Riguardo la crisi, dai primi cedimenti nel 2008 ad oggi, è stato detto di tutto e di più, le mie poche righe non aggiungeranno nulla.

Questo post, allo stesso modo del resto del blog, è un punto di vista dell’uomo della strada.

Pochi giorni fa ho sottratto dalla biblioteca della mia ragazza “Scritti Corsari” di Pier Paolo Pasolini.
La rilettura oggi, di quella raccolta di articoli che lo scrittore pubblicava tra il 1973 e il 1975, a tratti mi ha indignato.

Nonostante quelle parole siano distanti più di trent’anni, sono violente come uno schiaffo, colpiscono perché sembrano parole cadute nel vento, come se nessuno le avesse mai pronunciate, scritte.

Invece l’inchiostro è ancora fresco.

La scoperta di Pasolini per me è relativamente recente, i miei genitori me lo avevano descritto sempre come un personaggio deviato, strano, mentre mio zio materno lo ha sempre adorato per la poetica produzione friulana.

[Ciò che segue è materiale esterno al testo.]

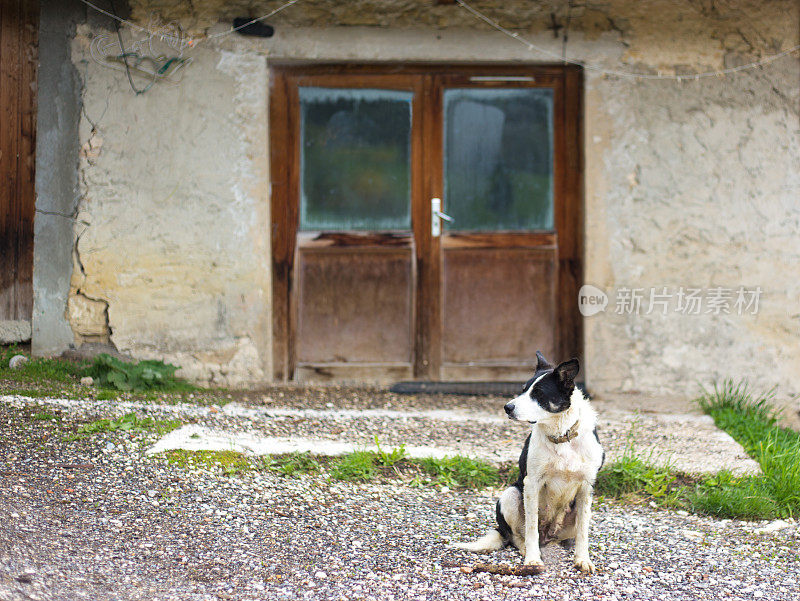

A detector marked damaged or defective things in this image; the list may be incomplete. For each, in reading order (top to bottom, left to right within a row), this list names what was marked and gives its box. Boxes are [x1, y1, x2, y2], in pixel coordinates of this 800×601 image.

cracked plaster wall [69, 2, 800, 396]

E’ solo leggendolo oggi, che si rende evidente conto quanto il suo sia stato un omicidio politico, inscrivibile all’interno della strategia della tensione.

Tutto quello che sono riuscito a cogliere dalla lettura dei suoi scritti, dall’ascolto delle sue interviste rilasciate per la televisione, ha illuminato la mia visione riguardo la società contemporanea.

Se alcuni poteri e cambiamenti stavano trasformando il tessuto sociale mentre Pasolini era ancora in vita, altri fenomeni possiamo invece dire che li abbia anticipati, addirittura previsti con uno sbalorditivo anticipo.

Il vuoto della società contadina che attendeva di essere riempito, descritto spesso da lui negli “Scritti corsari”, è stato occupato con il passare del tempo dalla borghesia.

Un lento processo di analfabetizzazione culturale operato dai mass media.

Quella che era la cultura contadina, fatta di persone semplici, timidamente ignoranti, fervidamente credenti ma ricche di valori e umiltà, è stata sostituita dall’agglomerato informe della società del consumo.

Produciconsumacrepa.

Oggi la catena economia che si credeva oliata e perfettamente funzionante, si è rotta e non ne vuole sapere di  ripartire.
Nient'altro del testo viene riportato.